Why the minister must stay in touch with his troops.
If the enthusiasm and commitment of those involved were a guarantee of success, then Wandsworth Jobcentre Plus would have a fine chance of moving the London borough’s drug users into treatment and onto employment without too many hitches (cover story, page 6). Their welcome for the new employment minister on his visit last week seemed a heartfelt one – reciprocated by several hours of Jim Knight’s time and interest – and the climate was reflective of successful partnership working and optimism that the resources poured into these welfare reforms would bring those who felt they were reaching a dead end a host of new opportunities.

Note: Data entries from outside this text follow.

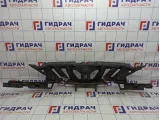 Усилитель переднего бампера Peugeot 308 (T7) 7416F8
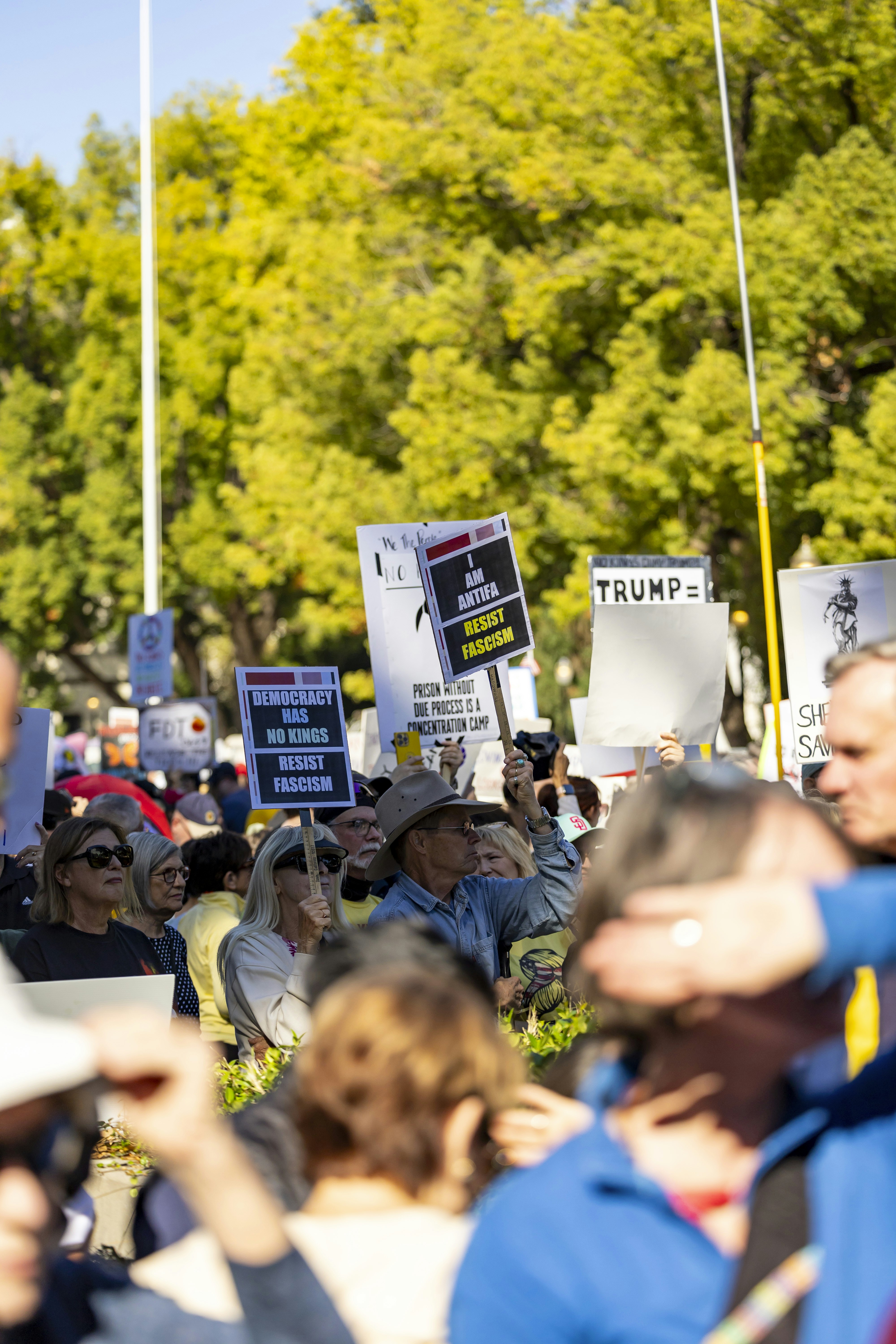 Photo by leo_visions_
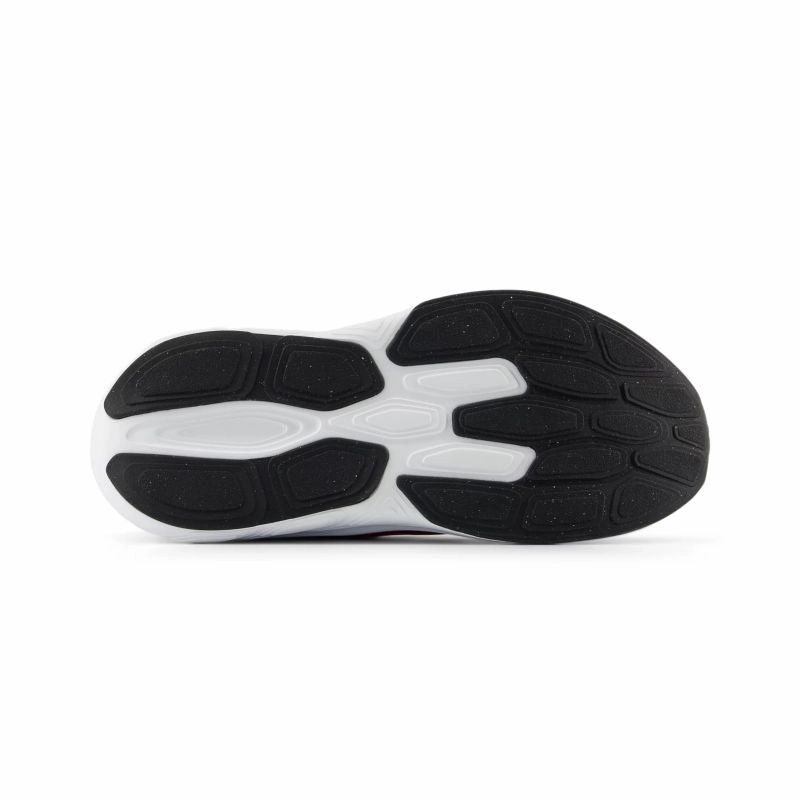 New Balance 625v1 GS Kids Running Shoes Reinforced Heel Guard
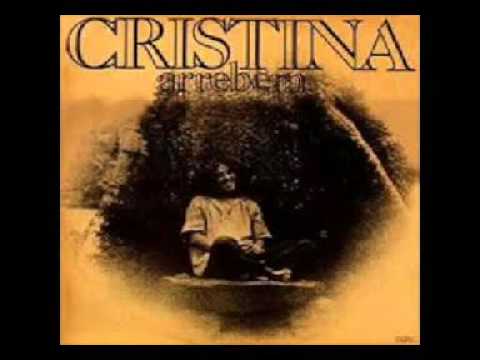 Muito Embora Abandonado - Cristina Buarque e Velha Guarda da Portela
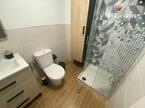 Appartement Arafo, Arafo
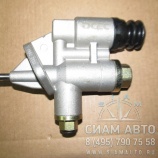 ����� ���� 3936316 6CT 8.3 XML6129 (�00040)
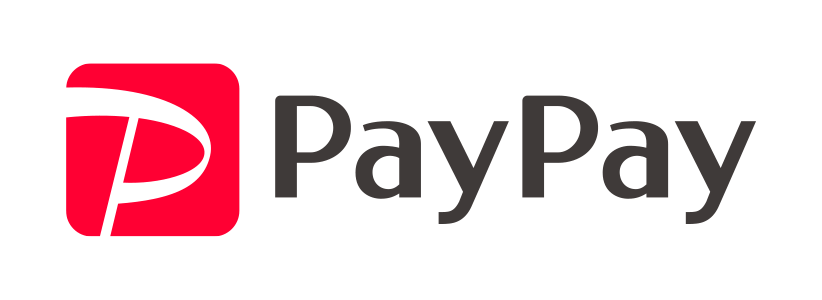 PayPay決済を導入しました！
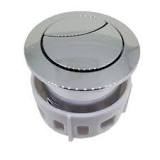 Are Flush Buttons Universal?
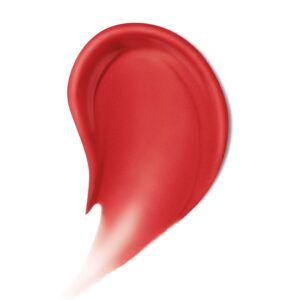 Maybelline Super Stay Teddy Tint, Long Lasting Matte Lip Stain, Wild At Heart, 0.17 fl oz - Image 33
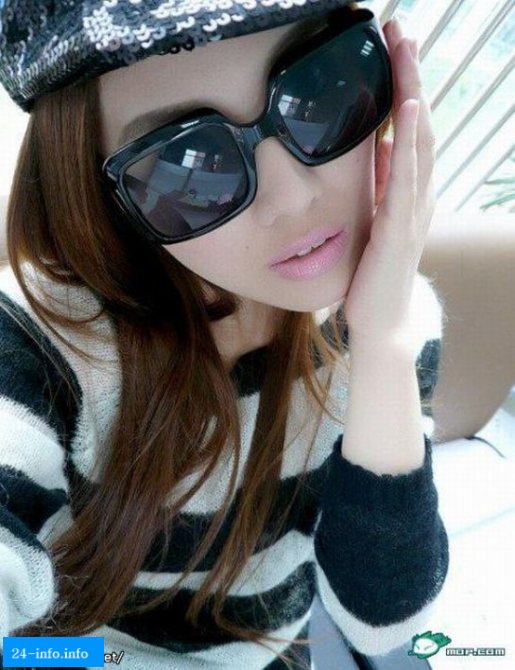 Самая сексуальная китайская учительница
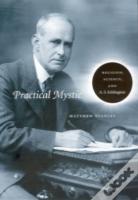 Practical Mystic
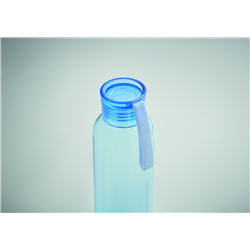 Butelka z Tritanu 500 ml INDI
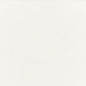 ED85251-104 CAMI IVORY THREADS Fabrics Drapery Upholstery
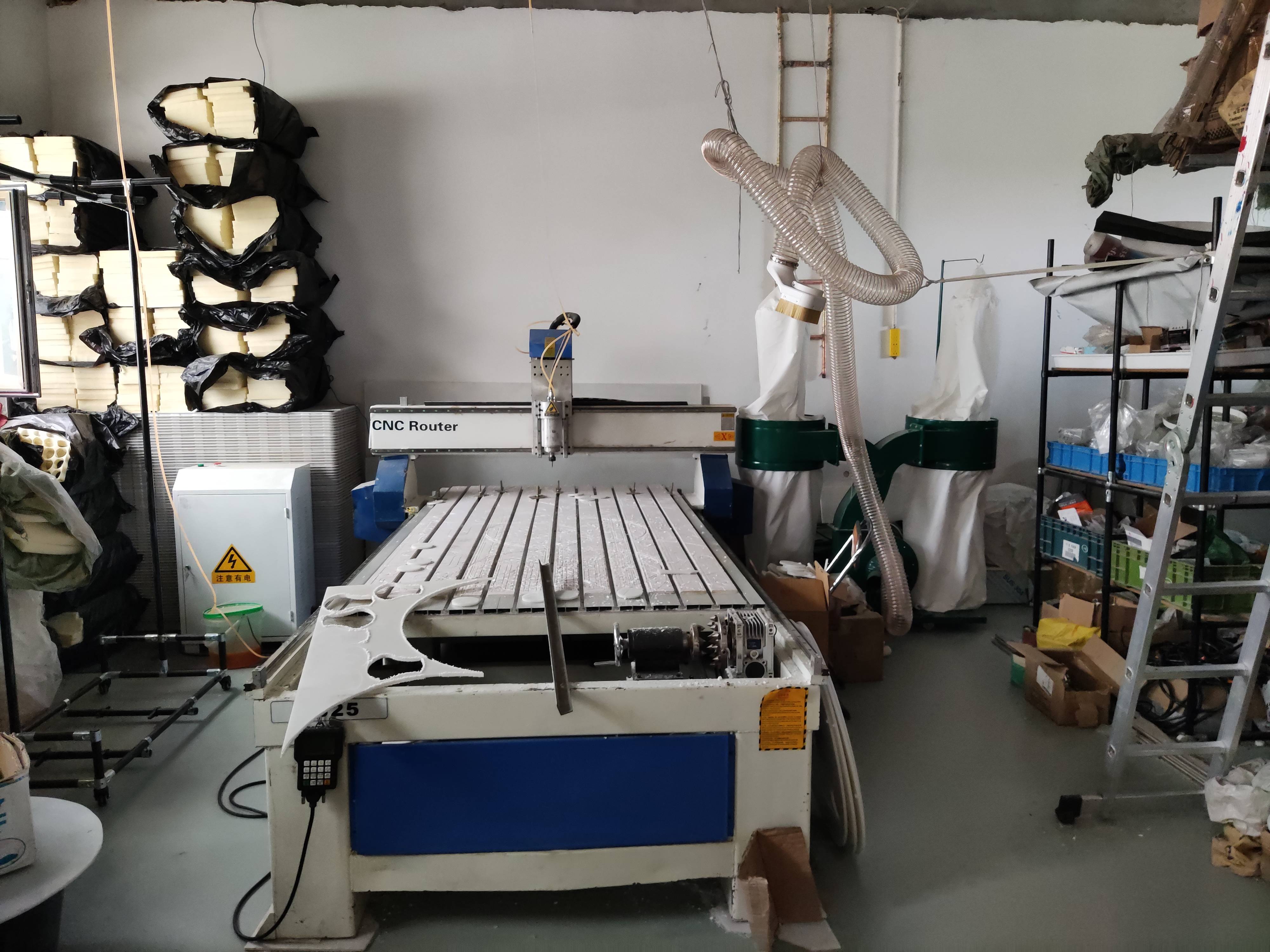 Commercial Hydroponics Nft Strawberry And Flower Vertical Growing System Zipgrow Tower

As everyone knows, the announcement of welfare proposals was not universally welcomed and there has been widespread concern about introducing a punitive system that would only intensify stigma and drive people further away from treatment. With this in mind, it was particularly interesting to talk to drugs coordinators, newly in place as part of the Department of Health’s drive to ‘build a pathway between Jobcentre Plus and drugs partnerships’. The initiative was working well for them so far, with plenty of information being exchanged to raise awareness of the services and support on offer to clients from all sides. But there was a strong undercurrent of caution to these positive discussions. Those I talked to qualified their predictions of successful outcomes by saying voluntary admission of drug use was essential – and that introducing probing assessments and obligatory referral could destroy the good progress so far. These are the people working in the thick of it, experienced in working with drug and alcohol clients, who are also used to liaising with the huge range of relevant stakeholders.
The employment minister is new in post and despite some tough talking, he is keen to show he is listening to feedback – he has promised to take comments and concerns back to colleagues in government. I hope he keeps listening.